I have trouble understanding an argument in the proof of Proposition 2.5, p. 342, of Lang's Algebra. The setup of my question is the following:
Let $A$ be integrally closed in its quotient field $K$ and $B$ be its integral closure in a finite Galois extension $L$ of $K$, with group $G$. Let $p$ be a maximal ideal of $A$ and $\beta$ a maximal ideal of $B$ lying above $p$. Denote $\bar{B}=B/\beta$ and $\bar{A}=A/p$.
In his proof, Lang takes an element $\bar{x} \in \bar{B}$ that generates a separable extension of $\bar{A}$. He shows that $\bar{B}$ is normal over $\bar{A}$ and that $[\bar{A}(\bar{x}):\bar{A}] \le [K(x):K] \le [L:K]$, where $x$ is a representative of $\bar{x}$ in $B$. So far so good.

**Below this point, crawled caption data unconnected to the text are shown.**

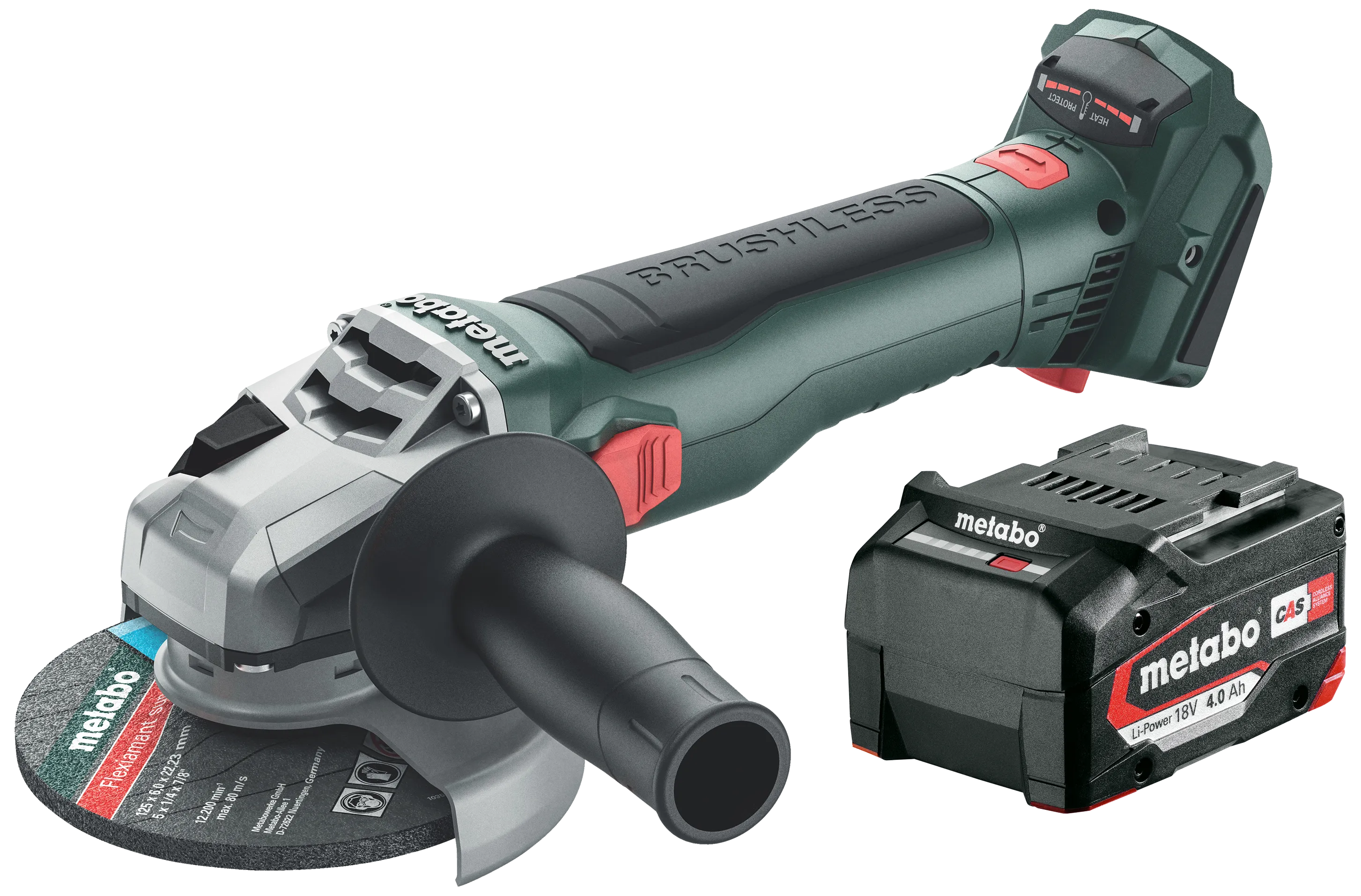 Kombipakke: Vinkelsliper W18LTBL 11-125 solo+1×18V/4Ah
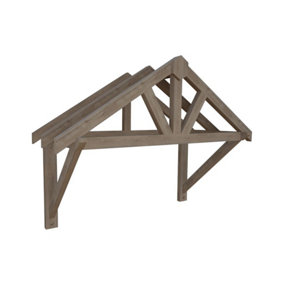 Apex Roof Porch Canopy 1.6m pressure-treated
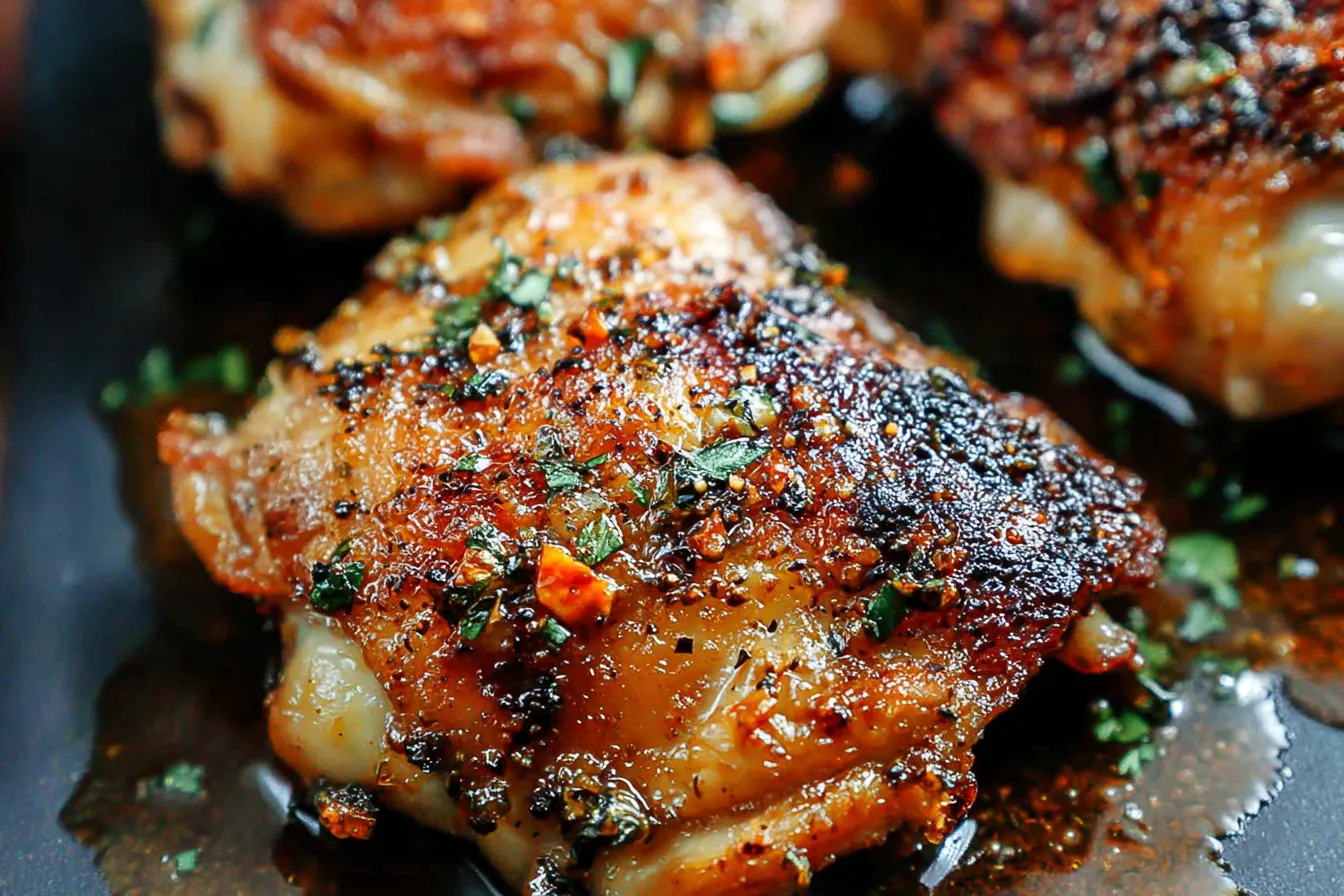Garlic Butter Chicken Thighs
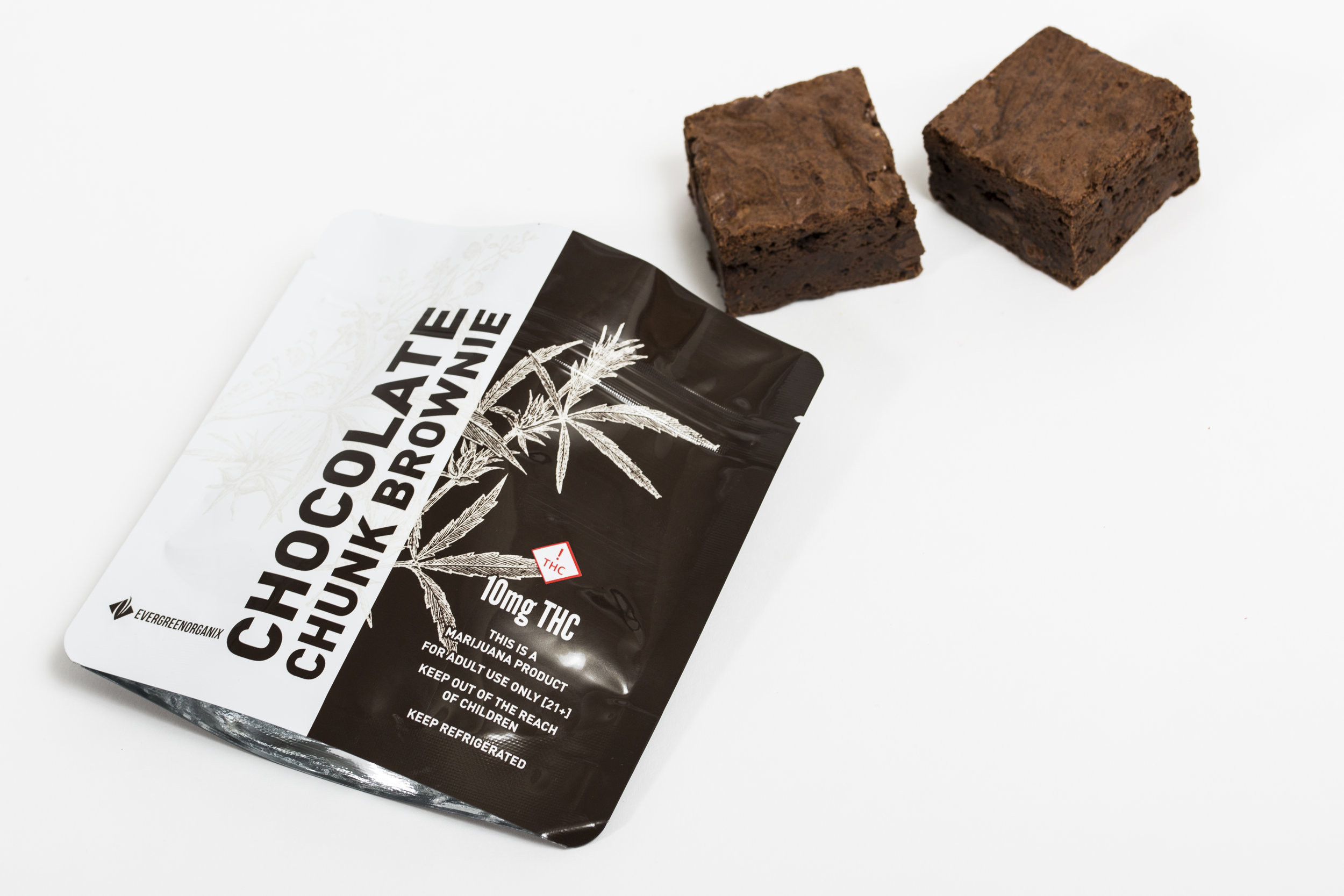 Chocolate Chunk Brownie by Evergreen Organix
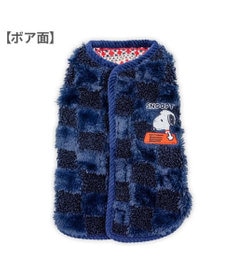 PET PARADISE スヌーピー 背中開き リバーシブル ベスト 《編み柄》 中型犬 大型犬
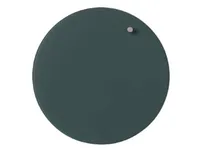 Magnetisk NAGA glastavle cirkel Ø25 cm Dark Green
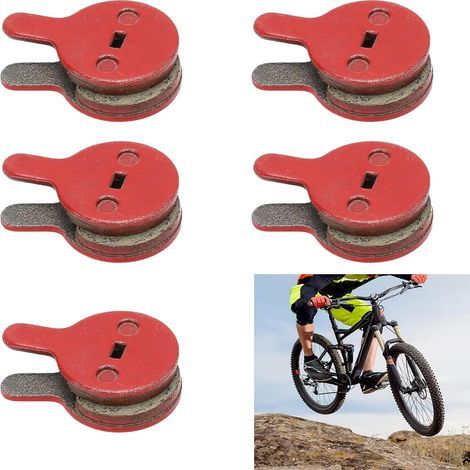 10 pastiglie freno a disco per bicicletta interamente in metallo, riempite d'olio, per BB5 M446, in resina semimetallica per mountain bike e bici/monopattini elettrici, dissipazione del calore miglior (1/5)
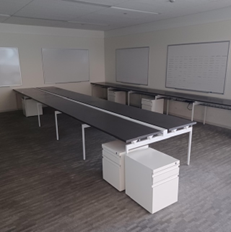 [#A2-98] 4' x 2' BENCHES ANTENNA TOPS SHARED LEGS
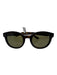Yves Saint Laurent Brown & Amber Acetate Round Frames Logo Sunglasses Brown & Amber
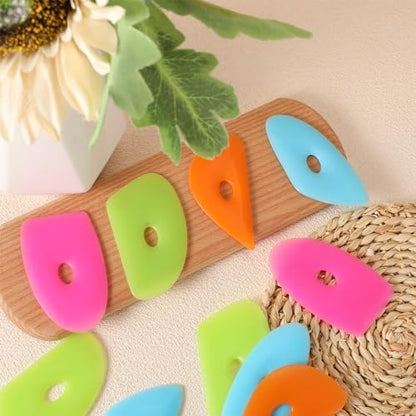 Sherr 12 Pcs Pottery Ribs Rubber Clay Tool, Charming Style, Bright Color - Image 4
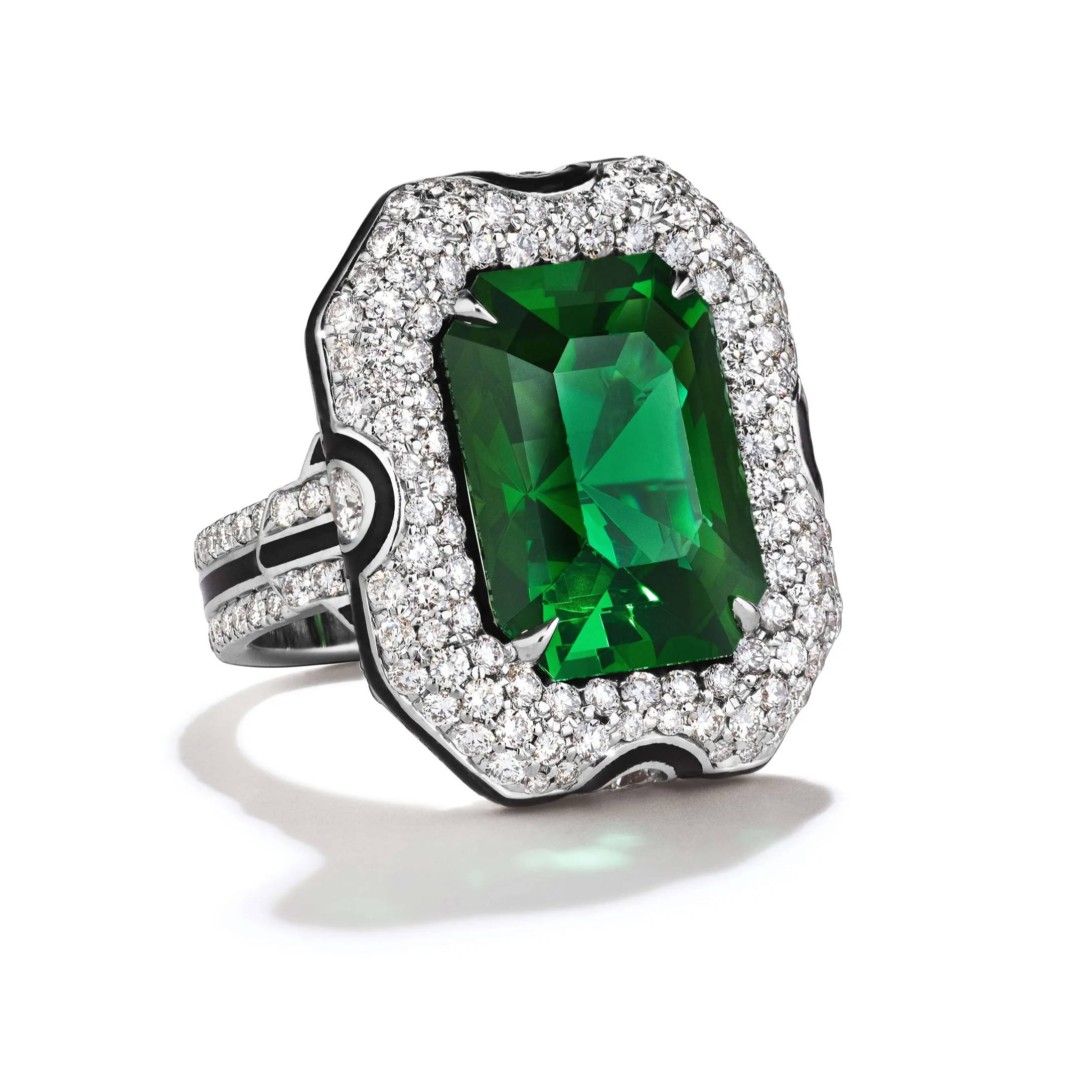 custom gemstone engagement ring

Then he says that "...this implies that the maximal separable subextension of $\bar{A}$ in $\bar{B}$ is of finite degree over $\bar{A}$ (using the primitive element theorem of elementary field theory)".
Question 1: How can we use the P.E.T. to see that? The statement of the primitive element theorem assumes that the underlying field extension is finite.
Question 2: Is $\bar{B}$ over $\bar{A}$ separable? Why is Lang referring to the "Galois group" of $\bar{B}/\bar{A}$?